I had all the materials, so I decided to give these dolls a try. I hope I will have granddaughters one day. Meanwhile I am making a considerable dent in the stash.


----------



## jschlub

krankymax said:


> Beautiful set. How does the clothes stay on?


Let me post a photo of that since someone else also asked.
It's just magnetic strips glued onto the back. The strips stick to the metal brads on the doll body and shoes.


----------



## krankymax

Thank you for posting this. They are adorable.


----------



## judybug52

Where did your friend get the small colored brads? I have ordered the magazine. Will try to make the dolls. I have not done plastic canvas for many years. This just looks like a very fun project to do. Thanks for sharing. Judy


----------



## jschlub

judybug52 said:


> Where did your friend get the small colored brads?

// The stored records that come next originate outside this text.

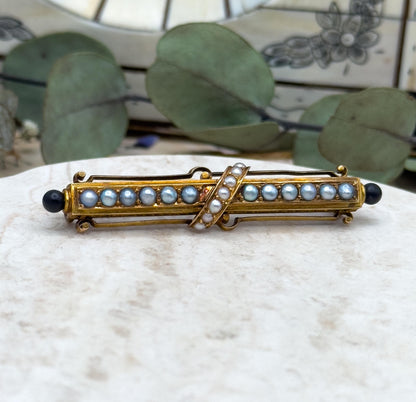 Victorian 14K Gold Bar Brooch: Seed Pearls & Black Enamel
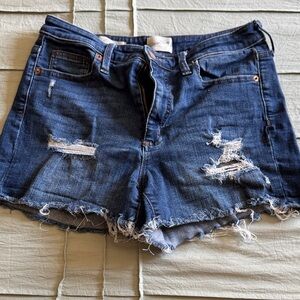Universal Thread Blue Distressed high rise midi Jean Shorts size 10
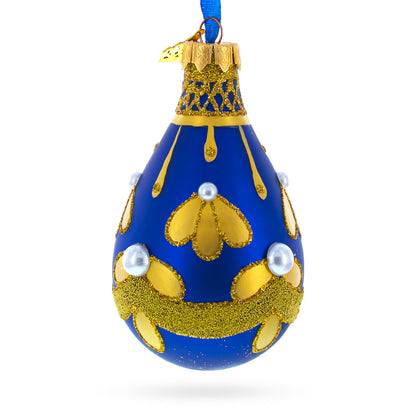 Gold Pattern on Blue Waterdrop Finial Glass Christmas Ornament
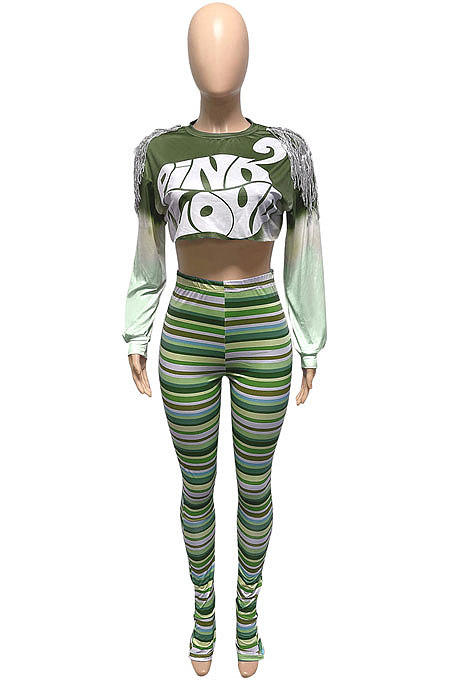 Pink Autumn Tie Dye Printing Tassel Sequins Dew Waist Top Bodycon Pants Sets Q986-1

She got them from the Salvation Army. They were in a divided plastic container with buttons, brads and jump rings, all in 2 different sizes and 4-6 colors. It looked like they were purchased that way maybe for scrapbooking or card making though I am not sure how jump rings fit with paper crafts. I used the larger size brads which seem to be slightly smaller than the standard brass ones (the prongs are definitely smaller). The second size were too teeny tiny for my project.

I googled "brads" and saw all kinds available at various craft stores. Good luck!


----------



## gginastoria

The brads are a great idea. I think I've seen them at scrapbooking stores. These dolls look like such fun to make I may have to try some. I could keep them and they might be entertaining for the little visitors. Thank you for showing us.


----------



## blavell

My daughter, my GGD's grandmother, told me my GGD wouldn't be interested in paper dolls because she only liked tech toys such as game boys, so I kept them at my house. One day when she was over I got them out & she played the day away playing with the paper dolls and making clothes for them. Every time she would come over she would insist on getting them out to play. Finally, one day she asked why she couldn't take them home so she could play with them all of the time. I guess it's best to ask the kids directly what they would like to play with.


gginastoria said:


> My great-grands aren't interested in dolls of any kind and I couldn't get my granddaughters to play with them either. I made the heavy cardboard ones and tried to engage them in making fabric clothing for them but they soon got bored. I bought dolls and made extensive wardrobes and even a handmade trunk to keep them in and it was returned to me when it didn't get played with. I love your dolls. Do you make them for yourself?


----------



## gginastoria

I'm saving the dolls, clothes & trunk for future great-grands. The girls I gave them to originally are just not interested. They are both darlings but they are very active, want to be outside rollerskating or riding bikes. I have a 4 year old who will be coming for visits and I'll see if she likes dolls. I also have a great-grandson who is almost 2 and he might be interested.


----------



## MrsO

What a cute set!


----------



## daycare

Plastic canvas wardrobe 2 where can I get the pattern


----------